Governor Corbett claimed in a recent Patriot-News story that Marcellus Shale gas drillers have paid $71 million in sales taxes over the last two years as proof that the industry is paying an adequate share of taxes. It’s a big number, but isn’t likely accurate for a number of reasons.

The state tracks how much sales tax each industry collects from customers, but that is different than how much the industry itself pays in sales tax. In 2008-09 and 2009-10, the mining industry (which includes natural gas, gravel, coal, and any other mining activity) collected and turned over to the state $70 million in sales tax. Much of this is likely due to the sale of stone and gravel, as the sale of natural gas and coal for fuel is exempt from sales tax. Claiming that this tax is “paid” by the industry is like saying car dealers — and not customers — “paid” $448 million in sales tax during that same period.

The Governor may be referring to the $71.4 million sales tax estimate included in the 2009 industry-financed Emerging Giant report (which Penn State has since backed away from). But that figure is an estimate of all the sales tax generated directly or indirectly by natural gas production – including the wide-ranging but hard-to-document ripple effects of increased drilling. Again, that is not the same as sales tax paid by the gas drillers. It’s a broader estimate, including sales tax on anything from the lunch tab at the corner diner in Williamsport to office supplies purchased by a Bradford County car dealer whose business is growing thanks to landowners with royalty checks.

Other than hamburgers and office equipment, there isn’t a lot that a gas driller would pay sales tax on in this state. All equipment and supplies used in the drilling process are exempt from sales tax under the state’s generous “manufacturing” sales tax exemption. To pay $71 million in sales tax, you would have to purchase $1.2 billion in taxable goods in Pennsylvania.  That seems like an awful lot of hamburgers.

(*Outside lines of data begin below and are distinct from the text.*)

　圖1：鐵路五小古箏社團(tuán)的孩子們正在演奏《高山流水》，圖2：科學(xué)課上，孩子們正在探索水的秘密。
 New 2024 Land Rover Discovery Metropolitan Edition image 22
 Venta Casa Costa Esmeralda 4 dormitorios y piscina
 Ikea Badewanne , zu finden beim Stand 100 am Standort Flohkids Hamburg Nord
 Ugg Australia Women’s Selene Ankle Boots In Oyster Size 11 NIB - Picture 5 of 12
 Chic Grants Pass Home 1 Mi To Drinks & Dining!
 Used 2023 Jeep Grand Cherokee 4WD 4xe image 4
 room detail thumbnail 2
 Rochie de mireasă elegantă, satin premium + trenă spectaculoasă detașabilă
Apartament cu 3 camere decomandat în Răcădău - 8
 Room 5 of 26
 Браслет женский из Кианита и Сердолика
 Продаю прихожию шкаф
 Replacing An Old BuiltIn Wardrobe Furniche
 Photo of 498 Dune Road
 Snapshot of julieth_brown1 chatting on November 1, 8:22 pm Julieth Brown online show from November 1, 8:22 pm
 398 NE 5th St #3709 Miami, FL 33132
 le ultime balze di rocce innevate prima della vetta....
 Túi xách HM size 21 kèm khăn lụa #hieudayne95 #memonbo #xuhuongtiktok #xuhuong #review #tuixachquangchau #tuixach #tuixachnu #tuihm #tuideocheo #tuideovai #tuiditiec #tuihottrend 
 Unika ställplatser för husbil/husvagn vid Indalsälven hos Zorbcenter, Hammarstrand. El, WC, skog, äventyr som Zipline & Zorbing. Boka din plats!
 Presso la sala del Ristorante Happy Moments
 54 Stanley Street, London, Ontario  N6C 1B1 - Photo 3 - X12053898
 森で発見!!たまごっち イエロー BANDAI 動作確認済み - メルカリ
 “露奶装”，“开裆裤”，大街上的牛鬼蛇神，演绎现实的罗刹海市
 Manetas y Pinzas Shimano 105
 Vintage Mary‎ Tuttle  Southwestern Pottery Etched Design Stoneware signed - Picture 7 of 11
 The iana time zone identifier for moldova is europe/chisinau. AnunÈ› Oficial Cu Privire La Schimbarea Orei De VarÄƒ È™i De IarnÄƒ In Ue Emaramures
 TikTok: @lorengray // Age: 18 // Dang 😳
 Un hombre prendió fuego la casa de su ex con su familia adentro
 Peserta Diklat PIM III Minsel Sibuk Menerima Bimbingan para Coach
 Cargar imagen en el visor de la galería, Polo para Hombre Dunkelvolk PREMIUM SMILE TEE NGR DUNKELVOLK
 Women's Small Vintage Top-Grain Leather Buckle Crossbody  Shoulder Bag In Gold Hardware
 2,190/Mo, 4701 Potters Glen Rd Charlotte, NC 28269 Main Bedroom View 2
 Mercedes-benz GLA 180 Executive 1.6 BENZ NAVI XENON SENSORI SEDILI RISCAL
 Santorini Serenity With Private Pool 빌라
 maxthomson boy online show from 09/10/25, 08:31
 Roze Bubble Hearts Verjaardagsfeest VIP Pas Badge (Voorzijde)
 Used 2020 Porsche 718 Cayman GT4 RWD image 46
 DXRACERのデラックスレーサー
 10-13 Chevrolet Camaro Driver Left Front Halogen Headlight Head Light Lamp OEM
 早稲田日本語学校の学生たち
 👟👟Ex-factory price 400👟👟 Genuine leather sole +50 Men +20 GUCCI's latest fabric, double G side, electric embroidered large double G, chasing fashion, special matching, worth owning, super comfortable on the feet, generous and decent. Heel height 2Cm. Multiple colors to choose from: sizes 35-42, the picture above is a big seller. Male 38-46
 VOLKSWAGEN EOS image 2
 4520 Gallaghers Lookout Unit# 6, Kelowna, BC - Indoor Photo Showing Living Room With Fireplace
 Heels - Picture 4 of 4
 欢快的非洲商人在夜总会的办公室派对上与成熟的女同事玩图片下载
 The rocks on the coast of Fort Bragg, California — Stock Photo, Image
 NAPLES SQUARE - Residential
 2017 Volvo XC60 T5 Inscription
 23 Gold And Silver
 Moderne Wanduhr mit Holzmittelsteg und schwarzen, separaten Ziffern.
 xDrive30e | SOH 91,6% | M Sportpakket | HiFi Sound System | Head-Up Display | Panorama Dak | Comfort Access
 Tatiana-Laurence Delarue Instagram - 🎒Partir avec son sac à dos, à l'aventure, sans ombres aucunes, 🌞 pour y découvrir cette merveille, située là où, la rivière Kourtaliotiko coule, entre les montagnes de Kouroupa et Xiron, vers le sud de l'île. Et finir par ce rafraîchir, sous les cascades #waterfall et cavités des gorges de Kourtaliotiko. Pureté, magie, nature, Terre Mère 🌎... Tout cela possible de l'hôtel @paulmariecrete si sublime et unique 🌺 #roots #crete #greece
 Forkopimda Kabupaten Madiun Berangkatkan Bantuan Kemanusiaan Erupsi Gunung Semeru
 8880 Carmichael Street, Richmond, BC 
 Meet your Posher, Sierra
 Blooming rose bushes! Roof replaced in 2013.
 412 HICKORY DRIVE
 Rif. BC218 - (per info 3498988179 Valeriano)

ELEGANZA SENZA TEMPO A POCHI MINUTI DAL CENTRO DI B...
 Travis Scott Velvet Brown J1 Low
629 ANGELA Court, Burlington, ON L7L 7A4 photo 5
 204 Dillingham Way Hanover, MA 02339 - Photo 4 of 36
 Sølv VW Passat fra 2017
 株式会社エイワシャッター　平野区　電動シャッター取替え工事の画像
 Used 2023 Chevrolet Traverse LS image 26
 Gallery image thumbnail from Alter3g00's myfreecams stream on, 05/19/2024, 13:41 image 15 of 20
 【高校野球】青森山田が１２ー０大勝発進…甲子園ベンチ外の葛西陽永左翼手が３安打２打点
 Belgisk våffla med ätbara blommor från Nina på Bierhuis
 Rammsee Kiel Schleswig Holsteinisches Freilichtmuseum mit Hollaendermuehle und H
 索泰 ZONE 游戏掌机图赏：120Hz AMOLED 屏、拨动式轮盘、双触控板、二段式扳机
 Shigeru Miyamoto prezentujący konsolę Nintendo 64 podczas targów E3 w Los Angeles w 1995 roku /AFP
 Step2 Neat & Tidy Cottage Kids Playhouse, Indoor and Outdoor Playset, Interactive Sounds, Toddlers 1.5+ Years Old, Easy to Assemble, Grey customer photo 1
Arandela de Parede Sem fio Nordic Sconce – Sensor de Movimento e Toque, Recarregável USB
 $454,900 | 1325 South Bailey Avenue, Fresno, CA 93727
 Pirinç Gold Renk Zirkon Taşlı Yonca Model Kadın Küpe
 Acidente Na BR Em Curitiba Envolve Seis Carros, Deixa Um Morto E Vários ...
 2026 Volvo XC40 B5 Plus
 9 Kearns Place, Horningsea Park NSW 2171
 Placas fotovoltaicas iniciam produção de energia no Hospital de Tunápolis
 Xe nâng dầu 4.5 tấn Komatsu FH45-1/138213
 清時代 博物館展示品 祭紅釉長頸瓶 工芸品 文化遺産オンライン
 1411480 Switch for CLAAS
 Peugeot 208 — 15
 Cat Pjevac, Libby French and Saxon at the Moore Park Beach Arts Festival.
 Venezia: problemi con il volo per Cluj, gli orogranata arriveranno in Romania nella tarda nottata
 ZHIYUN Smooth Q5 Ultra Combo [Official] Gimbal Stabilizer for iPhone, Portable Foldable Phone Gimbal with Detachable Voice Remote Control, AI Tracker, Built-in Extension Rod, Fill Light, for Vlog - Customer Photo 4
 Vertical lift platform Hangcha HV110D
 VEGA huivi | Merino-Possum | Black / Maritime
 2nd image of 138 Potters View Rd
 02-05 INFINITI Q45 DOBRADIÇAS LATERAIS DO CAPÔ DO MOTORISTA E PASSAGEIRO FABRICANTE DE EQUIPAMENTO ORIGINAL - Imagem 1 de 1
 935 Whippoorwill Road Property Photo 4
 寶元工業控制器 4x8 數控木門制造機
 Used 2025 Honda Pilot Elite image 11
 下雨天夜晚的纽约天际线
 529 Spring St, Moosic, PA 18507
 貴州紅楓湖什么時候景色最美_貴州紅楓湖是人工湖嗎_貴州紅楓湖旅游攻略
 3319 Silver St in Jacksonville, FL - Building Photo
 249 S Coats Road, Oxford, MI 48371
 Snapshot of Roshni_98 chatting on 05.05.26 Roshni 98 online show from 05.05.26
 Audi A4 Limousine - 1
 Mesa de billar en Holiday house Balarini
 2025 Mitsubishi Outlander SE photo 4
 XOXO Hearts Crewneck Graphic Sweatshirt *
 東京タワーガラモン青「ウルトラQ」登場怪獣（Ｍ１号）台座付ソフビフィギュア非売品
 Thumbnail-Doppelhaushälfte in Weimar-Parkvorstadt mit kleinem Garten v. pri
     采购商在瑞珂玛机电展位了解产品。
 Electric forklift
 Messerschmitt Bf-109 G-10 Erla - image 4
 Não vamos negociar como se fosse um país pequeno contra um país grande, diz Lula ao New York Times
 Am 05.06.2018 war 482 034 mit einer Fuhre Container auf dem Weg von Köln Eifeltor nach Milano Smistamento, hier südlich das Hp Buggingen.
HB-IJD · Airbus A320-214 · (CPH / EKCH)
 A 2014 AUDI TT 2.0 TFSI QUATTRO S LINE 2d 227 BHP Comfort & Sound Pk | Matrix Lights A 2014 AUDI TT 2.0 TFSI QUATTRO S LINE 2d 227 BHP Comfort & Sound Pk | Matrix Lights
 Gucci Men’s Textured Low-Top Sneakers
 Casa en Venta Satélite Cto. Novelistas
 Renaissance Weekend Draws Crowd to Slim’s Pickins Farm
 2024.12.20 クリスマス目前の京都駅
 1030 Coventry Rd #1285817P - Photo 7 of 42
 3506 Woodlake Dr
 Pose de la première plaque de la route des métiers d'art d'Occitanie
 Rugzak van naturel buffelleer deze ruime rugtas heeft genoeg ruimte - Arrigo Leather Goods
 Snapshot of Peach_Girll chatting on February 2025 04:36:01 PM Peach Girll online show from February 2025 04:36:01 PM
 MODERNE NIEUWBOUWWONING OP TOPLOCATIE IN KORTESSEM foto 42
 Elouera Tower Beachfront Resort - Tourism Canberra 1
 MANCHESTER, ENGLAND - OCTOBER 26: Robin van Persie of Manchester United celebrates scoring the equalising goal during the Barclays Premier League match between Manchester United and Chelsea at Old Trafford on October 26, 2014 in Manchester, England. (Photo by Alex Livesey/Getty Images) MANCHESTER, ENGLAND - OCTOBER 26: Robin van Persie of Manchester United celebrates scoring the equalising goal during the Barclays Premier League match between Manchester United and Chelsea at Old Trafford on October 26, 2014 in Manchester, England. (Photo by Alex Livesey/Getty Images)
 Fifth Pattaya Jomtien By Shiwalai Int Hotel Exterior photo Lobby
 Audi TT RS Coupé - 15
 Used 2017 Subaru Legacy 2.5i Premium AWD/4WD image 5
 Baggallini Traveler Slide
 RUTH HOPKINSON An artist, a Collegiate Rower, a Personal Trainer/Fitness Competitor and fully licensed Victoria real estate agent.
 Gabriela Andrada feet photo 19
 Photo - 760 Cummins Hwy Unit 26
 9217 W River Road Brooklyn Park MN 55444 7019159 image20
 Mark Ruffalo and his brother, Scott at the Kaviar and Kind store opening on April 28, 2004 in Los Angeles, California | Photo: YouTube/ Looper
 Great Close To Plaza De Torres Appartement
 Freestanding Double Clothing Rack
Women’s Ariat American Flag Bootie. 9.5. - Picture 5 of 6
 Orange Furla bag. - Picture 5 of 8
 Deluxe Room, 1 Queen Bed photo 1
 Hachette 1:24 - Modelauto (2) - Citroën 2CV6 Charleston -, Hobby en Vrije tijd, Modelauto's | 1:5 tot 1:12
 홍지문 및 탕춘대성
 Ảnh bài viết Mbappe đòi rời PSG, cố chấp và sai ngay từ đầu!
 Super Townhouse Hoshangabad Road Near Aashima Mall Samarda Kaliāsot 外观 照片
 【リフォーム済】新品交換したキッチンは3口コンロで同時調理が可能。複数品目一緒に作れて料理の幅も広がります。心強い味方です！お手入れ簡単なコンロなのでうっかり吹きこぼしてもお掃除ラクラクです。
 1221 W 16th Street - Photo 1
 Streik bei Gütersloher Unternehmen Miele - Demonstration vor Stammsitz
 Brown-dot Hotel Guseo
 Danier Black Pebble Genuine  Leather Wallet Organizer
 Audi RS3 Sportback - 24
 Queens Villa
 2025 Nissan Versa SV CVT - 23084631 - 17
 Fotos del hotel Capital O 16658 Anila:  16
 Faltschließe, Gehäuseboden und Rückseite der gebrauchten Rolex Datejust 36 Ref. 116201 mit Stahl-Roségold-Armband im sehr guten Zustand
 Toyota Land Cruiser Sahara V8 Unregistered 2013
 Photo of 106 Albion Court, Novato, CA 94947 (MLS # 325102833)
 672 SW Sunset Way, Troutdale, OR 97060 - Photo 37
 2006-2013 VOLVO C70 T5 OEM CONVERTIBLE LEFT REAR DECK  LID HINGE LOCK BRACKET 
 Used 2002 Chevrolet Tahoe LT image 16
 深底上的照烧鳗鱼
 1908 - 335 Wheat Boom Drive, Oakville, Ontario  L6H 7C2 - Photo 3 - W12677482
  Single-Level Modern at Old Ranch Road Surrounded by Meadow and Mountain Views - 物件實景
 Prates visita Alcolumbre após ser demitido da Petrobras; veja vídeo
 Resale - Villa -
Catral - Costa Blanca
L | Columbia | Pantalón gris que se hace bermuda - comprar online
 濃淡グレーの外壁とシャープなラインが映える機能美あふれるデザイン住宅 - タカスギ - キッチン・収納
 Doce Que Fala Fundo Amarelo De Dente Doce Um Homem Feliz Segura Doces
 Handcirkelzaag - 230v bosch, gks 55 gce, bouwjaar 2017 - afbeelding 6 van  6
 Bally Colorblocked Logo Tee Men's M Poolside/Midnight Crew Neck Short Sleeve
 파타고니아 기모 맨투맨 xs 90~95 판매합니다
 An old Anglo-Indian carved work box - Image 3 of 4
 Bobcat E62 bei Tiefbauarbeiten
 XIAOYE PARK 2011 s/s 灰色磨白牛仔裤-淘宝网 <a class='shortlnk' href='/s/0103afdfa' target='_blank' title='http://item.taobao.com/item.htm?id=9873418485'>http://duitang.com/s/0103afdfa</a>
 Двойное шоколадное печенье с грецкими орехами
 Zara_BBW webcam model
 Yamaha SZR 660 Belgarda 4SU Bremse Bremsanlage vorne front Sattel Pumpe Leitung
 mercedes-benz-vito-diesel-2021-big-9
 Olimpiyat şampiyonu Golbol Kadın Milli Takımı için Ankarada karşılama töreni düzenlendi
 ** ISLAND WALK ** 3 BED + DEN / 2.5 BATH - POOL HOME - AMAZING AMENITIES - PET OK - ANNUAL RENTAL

Finally, eight of Pennsylvania’s top 10 drilling companies (in terms of production) are based out-of-state, with long-time connections to out-of-state suppliers. It seems that they would buy many of their taxable goods from these existing business partners.

Governor Corbett tells the Patriot that he wants to “nurture the industry” in Pennsylvania: “Everybody says, oh, I do it because the industry contributed funds to my campaign, which they did. Absolutely. You have to ask them why, (but) I think it’s because I have a vision of where we’re going to take this industry.”

Given his strong opposition to a drilling tax, the Governor seems intent on giving the industry a free ride, while we pay the freight — a deal that the industry gets nowhere else in the world. Maybe the Governor needs to have his vision checked.